Finding the Burning Man Within
Behind the dynamic plans that shape our communities are dynamic people.
Duleesha Kulasooriya is head of strategy at Deloitte LLP Center for the Edge. At the 2017 Philadelphia Leadership Exchange, he asked the audience of executives from the nonprofit, government, business and philanthropic sectors if they had heard of Burning Man, an annual gathering of people dedicated to community, art, self-expression and self-reliance. Almost every hand went up. He then asked who has gone. A lone hand in the middle of the room remained up.
So many of us dedicate our professional and often personal lives to make our communities a better place. We join committees, develop plans, find ways to fund projects, debate new legislation and organize cleanups. We donate, volunteer, work extra hours, run for office and attend events. What we often forget to do is take time to recharge, seek inspiration outside of our communities and ensure our own supports are in place.
The Barr Foundation -- the largest private foundation in Massachusetts -- has a unique fellowship that recognizes the need for our leaders to recharge. Since 2005, the Barr Fellowship has invited a small group of nonprofit and public sector officials to partake in a two-year program that has retreats, funds for projects and a three-month sabbatical. Yes, a sabbatical. Each fellow is required to “disengage completely from their organizations.”
Though I doubt that Barr Fellows are going to opt to go to Burning Man during their sabbatical, I can imagine the projects, ideas and vision they develop and pursue are just as exciting. Freed from the hectic day-to-day operations (aka “real life”) and surrounded by a group of exemplary leaders with similar goals are ingredients for creativity and new energy.
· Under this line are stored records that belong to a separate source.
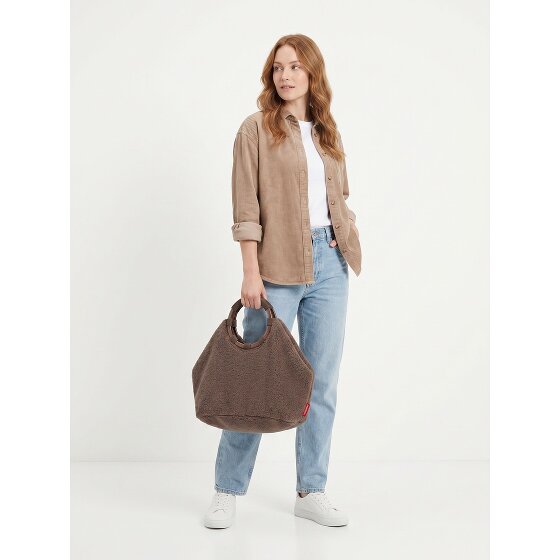 reisenthel Loopbag Hobo Shopper Tasche 64 cm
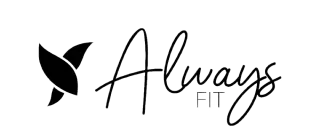 alwaysfit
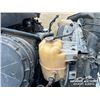 Image 36 : 2007 INTERNATIONAL 7600 SBA T/A DUMP TRUCK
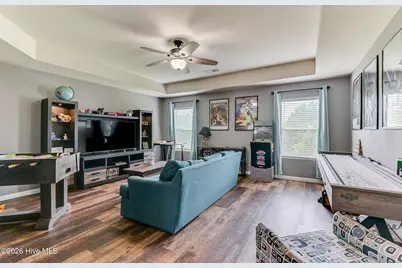 4625 Southwind Road, Evans, GA 30809 - Photo 25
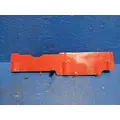   Brackets, Misc. thumbnail 1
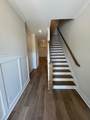 5738 Lennis Lane - Photo 3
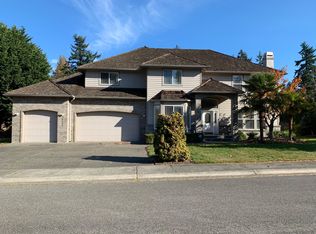 34604 4th Pl SW, Federal Way, WA 98023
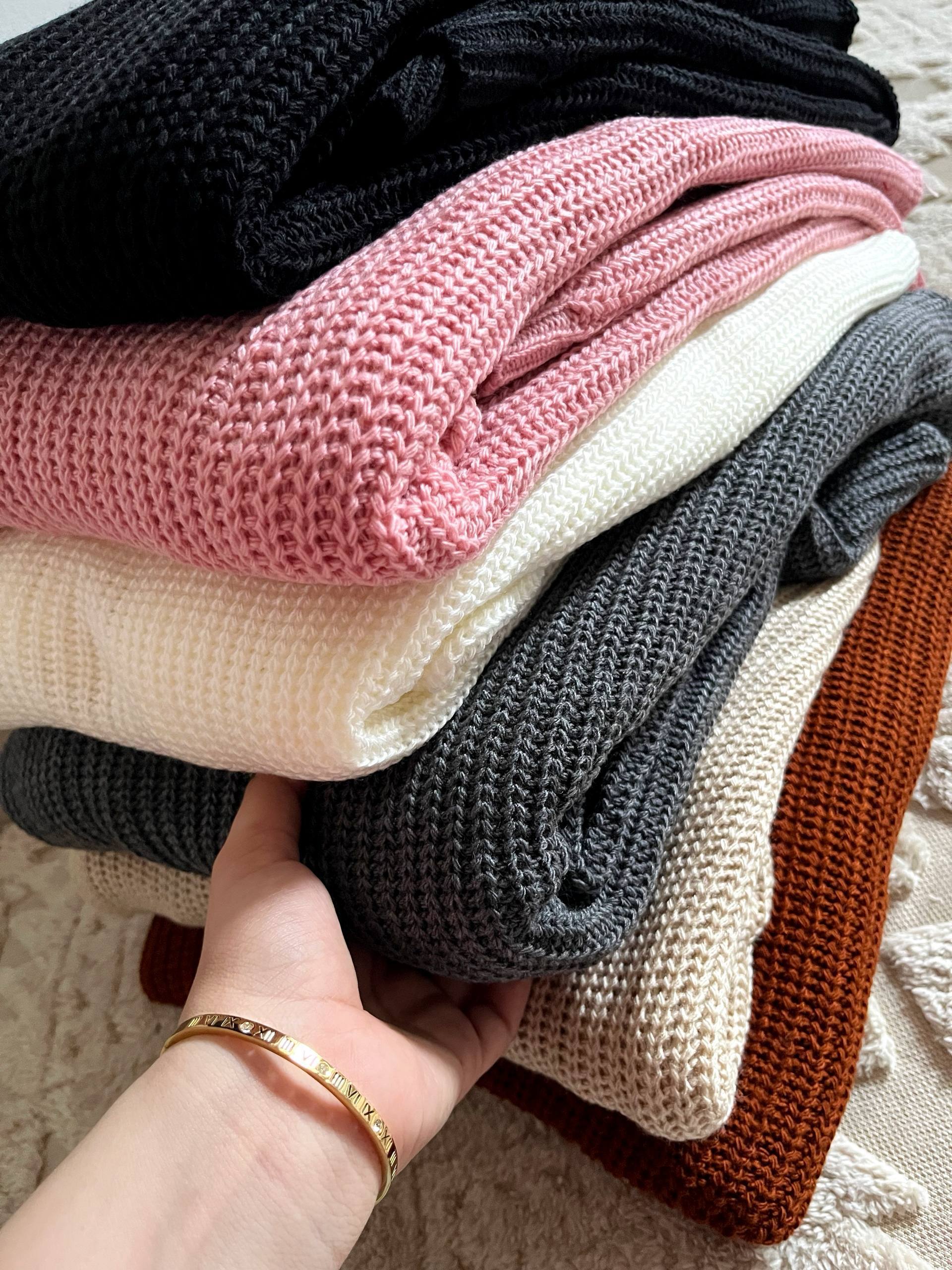 knit cardigan knit cardigan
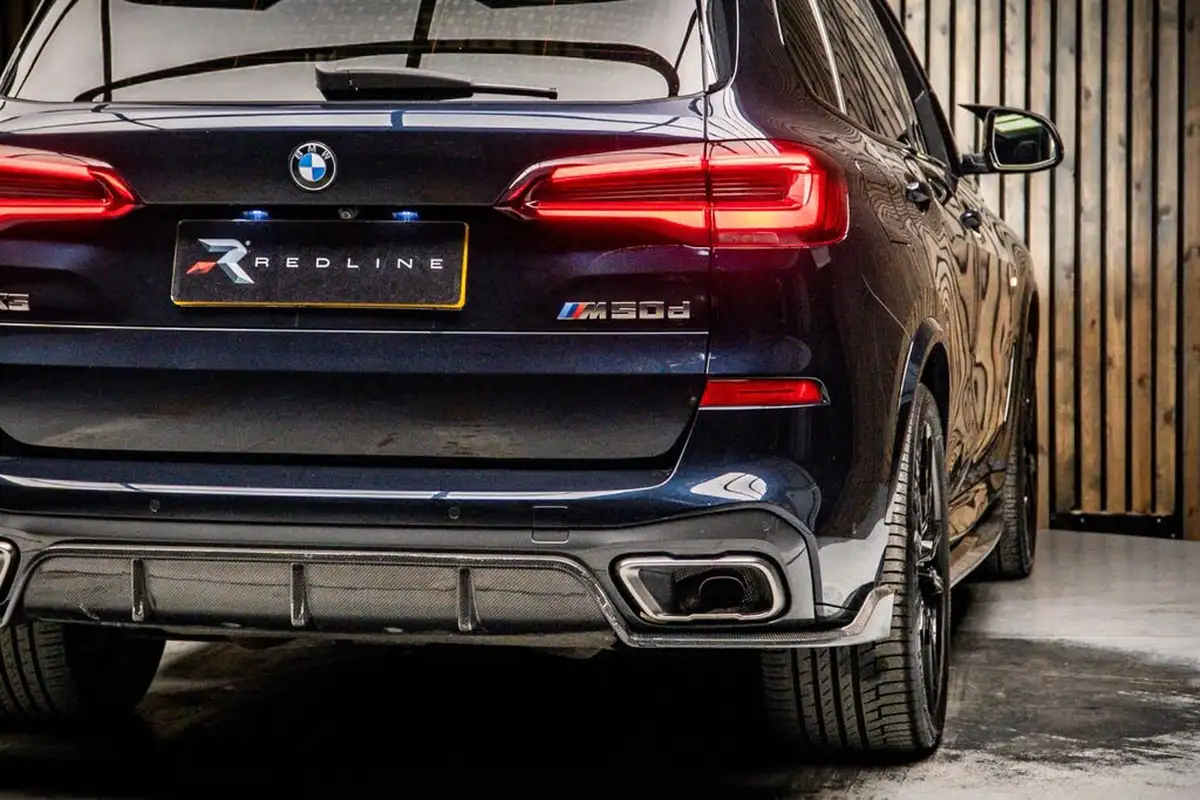 2020-bmw-x5-30td-m50d-big-20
Governing defines a dynamically planned city as one that is “rooted in aspiration and accountability” where plans are strategic and inclusive and reflect the “industriousness” of employees and residents. That describes Burning Man’s ethos where everything that is created, brought in and exchanged is from the participants. Though there are some guidelines and dedicated volunteers, Fast Company writes that “the most powerful part of the cultural transmission happens from person to person” at Burning Man.
At the end of Duleesha’s talk, someone asked him the story about his hair – while dressed sharply in a dark, fitted suit, he also sported a mohawk. He said he styles his hair that way for Burning Man each year, and then usually shaves the mohawk off completely before heading back to his job. Recently he decided to keep the mohawk and was surprised by the positive response, including one of his employees who said it encouraged her to be herself rather than pretending to fit in a certain way. The lesson? Person-to-person cultural transmission is powerful, whether in the desert or in our cities.
Maybe we all won’t get to Burning Man, but we can channel the burning man (or woman) from within. We can find that space to renew ourselves, to be ourselves and to bring that self forward into our work. Behind the dynamic plans that shape our communities are dynamic people.